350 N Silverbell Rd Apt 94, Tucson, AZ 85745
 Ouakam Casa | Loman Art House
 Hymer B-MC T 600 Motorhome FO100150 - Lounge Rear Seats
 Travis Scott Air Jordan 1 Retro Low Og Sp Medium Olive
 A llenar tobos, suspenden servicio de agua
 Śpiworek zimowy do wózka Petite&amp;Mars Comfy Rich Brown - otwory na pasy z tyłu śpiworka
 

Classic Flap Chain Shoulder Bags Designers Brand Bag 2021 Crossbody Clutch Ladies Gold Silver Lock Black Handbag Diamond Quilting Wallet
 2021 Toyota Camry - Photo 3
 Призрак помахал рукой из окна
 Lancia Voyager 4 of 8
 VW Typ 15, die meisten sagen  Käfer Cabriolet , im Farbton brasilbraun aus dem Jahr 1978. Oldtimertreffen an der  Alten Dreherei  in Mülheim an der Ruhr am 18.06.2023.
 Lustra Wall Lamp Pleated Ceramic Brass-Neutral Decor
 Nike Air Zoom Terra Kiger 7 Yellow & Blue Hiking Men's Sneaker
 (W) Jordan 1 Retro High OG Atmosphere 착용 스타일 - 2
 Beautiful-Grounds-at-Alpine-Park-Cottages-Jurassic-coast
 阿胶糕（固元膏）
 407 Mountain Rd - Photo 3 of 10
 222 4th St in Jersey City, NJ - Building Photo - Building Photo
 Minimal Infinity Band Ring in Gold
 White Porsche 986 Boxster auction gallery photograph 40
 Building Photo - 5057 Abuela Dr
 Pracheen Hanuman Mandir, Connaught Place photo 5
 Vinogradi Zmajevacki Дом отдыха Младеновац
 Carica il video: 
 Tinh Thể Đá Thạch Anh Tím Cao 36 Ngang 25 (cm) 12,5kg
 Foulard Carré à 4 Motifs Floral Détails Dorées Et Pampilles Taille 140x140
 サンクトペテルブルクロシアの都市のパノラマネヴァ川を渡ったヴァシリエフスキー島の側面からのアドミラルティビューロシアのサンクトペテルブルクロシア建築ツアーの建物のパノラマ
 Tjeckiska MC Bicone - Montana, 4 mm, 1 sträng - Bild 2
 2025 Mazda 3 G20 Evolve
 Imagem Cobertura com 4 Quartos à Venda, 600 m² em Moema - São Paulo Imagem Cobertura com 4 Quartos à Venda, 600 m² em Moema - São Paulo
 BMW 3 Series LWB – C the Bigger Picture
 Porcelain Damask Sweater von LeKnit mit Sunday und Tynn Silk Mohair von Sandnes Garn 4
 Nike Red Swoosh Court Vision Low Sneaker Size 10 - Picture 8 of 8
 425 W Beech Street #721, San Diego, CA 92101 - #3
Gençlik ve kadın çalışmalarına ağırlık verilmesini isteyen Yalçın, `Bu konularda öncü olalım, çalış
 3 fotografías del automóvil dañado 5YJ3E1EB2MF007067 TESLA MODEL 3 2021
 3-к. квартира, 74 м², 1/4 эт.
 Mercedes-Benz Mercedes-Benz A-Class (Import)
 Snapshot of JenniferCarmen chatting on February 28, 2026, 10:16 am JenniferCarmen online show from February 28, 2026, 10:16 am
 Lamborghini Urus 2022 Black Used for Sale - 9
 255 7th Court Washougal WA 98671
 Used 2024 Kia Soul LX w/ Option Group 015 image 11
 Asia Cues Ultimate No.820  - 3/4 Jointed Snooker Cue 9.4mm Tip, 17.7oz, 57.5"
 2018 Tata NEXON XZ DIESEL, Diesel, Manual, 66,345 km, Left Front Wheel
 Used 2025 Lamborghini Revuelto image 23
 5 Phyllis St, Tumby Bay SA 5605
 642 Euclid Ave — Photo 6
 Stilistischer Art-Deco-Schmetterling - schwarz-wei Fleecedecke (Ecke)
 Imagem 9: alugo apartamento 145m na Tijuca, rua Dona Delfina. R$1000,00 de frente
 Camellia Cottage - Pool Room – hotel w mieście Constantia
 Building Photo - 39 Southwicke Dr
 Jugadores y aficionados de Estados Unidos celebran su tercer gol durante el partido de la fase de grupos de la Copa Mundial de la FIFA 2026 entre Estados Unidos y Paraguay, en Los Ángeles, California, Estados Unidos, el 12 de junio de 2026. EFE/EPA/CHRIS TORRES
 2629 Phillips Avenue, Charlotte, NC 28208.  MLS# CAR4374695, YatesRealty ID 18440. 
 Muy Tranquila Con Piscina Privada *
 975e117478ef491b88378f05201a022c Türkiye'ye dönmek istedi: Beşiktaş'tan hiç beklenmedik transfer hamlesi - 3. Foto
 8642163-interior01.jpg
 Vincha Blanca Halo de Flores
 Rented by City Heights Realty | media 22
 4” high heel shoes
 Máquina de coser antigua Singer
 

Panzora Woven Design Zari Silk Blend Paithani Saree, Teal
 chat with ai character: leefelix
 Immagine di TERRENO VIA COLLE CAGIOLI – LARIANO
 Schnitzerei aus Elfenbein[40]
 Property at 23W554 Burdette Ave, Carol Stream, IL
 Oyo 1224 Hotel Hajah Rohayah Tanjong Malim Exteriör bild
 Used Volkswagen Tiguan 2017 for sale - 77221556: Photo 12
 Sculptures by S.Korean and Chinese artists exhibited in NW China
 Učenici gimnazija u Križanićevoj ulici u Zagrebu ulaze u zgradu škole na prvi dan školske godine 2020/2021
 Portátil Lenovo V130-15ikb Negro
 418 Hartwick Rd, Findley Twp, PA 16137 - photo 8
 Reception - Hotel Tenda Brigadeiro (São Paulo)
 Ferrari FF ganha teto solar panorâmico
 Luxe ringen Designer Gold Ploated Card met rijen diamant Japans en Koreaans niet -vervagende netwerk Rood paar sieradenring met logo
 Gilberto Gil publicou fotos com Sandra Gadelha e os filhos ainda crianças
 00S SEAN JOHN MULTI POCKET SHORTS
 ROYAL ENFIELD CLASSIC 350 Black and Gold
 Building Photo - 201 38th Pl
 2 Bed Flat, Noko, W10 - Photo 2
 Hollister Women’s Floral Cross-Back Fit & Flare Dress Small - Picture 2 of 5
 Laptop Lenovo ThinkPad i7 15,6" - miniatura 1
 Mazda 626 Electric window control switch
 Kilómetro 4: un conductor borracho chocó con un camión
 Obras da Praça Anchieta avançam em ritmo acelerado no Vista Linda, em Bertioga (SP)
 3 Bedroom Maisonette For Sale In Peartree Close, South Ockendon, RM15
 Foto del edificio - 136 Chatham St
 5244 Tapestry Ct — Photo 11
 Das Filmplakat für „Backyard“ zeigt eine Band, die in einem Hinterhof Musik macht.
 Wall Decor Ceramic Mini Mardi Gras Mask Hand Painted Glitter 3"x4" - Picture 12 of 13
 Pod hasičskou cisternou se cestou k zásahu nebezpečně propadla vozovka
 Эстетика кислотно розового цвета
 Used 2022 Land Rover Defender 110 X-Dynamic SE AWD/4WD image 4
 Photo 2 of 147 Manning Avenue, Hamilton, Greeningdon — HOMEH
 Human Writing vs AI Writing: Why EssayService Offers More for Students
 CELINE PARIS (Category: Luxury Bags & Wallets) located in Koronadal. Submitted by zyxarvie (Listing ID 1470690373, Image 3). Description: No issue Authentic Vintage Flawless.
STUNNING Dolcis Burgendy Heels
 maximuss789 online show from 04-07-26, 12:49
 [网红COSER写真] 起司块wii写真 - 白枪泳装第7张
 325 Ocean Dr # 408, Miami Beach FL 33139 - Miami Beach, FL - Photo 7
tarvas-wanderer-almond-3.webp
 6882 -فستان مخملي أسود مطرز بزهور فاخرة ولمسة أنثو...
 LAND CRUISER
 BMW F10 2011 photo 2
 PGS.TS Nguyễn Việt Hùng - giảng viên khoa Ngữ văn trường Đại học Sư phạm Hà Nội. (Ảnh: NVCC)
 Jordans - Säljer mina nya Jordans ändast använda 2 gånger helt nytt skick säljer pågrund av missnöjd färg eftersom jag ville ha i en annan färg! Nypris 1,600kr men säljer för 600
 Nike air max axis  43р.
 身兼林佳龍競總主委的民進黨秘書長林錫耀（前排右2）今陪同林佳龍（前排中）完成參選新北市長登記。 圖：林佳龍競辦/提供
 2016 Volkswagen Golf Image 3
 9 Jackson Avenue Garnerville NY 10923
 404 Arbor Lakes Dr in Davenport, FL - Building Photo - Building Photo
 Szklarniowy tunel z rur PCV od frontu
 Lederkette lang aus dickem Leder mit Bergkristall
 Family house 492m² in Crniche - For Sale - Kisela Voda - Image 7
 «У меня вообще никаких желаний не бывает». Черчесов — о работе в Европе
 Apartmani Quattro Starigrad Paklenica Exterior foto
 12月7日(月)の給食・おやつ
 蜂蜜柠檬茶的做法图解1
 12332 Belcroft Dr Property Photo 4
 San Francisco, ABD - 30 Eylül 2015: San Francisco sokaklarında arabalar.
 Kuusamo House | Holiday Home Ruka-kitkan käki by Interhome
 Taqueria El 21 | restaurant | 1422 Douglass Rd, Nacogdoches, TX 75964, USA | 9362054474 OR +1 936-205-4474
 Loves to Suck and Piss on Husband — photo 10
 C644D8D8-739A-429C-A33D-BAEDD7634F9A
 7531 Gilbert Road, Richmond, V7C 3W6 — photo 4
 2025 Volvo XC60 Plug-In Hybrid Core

> [TASK PROMPT]
Within the listing above, the range opens at the line with "642 Euclid Ave — Photo 6" and closes at the line with "Kilómetro 4: un". Reproduce exactly the lines of that range, including both ends.

> [OUTPUT]
 642 Euclid Ave — Photo 6
 Stilistischer Art-Deco-Schmetterling - schwarz-wei Fleecedecke (Ecke)
 Imagem 9: alugo apartamento 145m na Tijuca, rua Dona Delfina. R$1000,00 de frente
 Camellia Cottage - Pool Room – hotel w mieście Constantia
 Building Photo - 39 Southwicke Dr
 Jugadores y aficionados de Estados Unidos celebran su tercer gol durante el partido de la fase de grupos de la Copa Mundial de la FIFA 2026 entre Estados Unidos y Paraguay, en Los Ángeles, California, Estados Unidos, el 12 de junio de 2026. EFE/EPA/CHRIS TORRES
 2629 Phillips Avenue, Charlotte, NC 28208.  MLS# CAR4374695, YatesRealty ID 18440. 
 Muy Tranquila Con Piscina Privada *
 975e117478ef491b88378f05201a022c Türkiye'ye dönmek istedi: Beşiktaş'tan hiç beklenmedik transfer hamlesi - 3. Foto
 8642163-interior01.jpg
 Vincha Blanca Halo de Flores
 Rented by City Heights Realty | media 22
 4” high heel shoes
 Máquina de coser antigua Singer
 

Panzora Woven Design Zari Silk Blend Paithani Saree, Teal
 chat with ai character: leefelix
 Immagine di TERRENO VIA COLLE CAGIOLI – LARIANO
 Schnitzerei aus Elfenbein[40]
 Property at 23W554 Burdette Ave, Carol Stream, IL
 Oyo 1224 Hotel Hajah Rohayah Tanjong Malim Exteriör bild
 Used Volkswagen Tiguan 2017 for sale - 77221556: Photo 12
 Sculptures by S.Korean and Chinese artists exhibited in NW China
 Učenici gimnazija u Križanićevoj ulici u Zagrebu ulaze u zgradu škole na prvi dan školske godine 2020/2021
 Portátil Lenovo V130-15ikb Negro
 418 Hartwick Rd, Findley Twp, PA 16137 - photo 8
 Reception - Hotel Tenda Brigadeiro (São Paulo)
 Ferrari FF ganha teto solar panorâmico
 Luxe ringen Designer Gold Ploated Card met rijen diamant Japans en Koreaans niet -vervagende netwerk Rood paar sieradenring met logo
 Gilberto Gil publicou fotos com Sandra Gadelha e os filhos ainda crianças
 00S SEAN JOHN MULTI POCKET SHORTS
 ROYAL ENFIELD CLASSIC 350 Black and Gold
 Building Photo - 201 38th Pl
 2 Bed Flat, Noko, W10 - Photo 2
 Hollister Women’s Floral Cross-Back Fit & Flare Dress Small - Picture 2 of 5
 Laptop Lenovo ThinkPad i7 15,6" - miniatura 1
 Mazda 626 Electric window control switch
 Kilómetro 4: un conductor borracho chocó con un camión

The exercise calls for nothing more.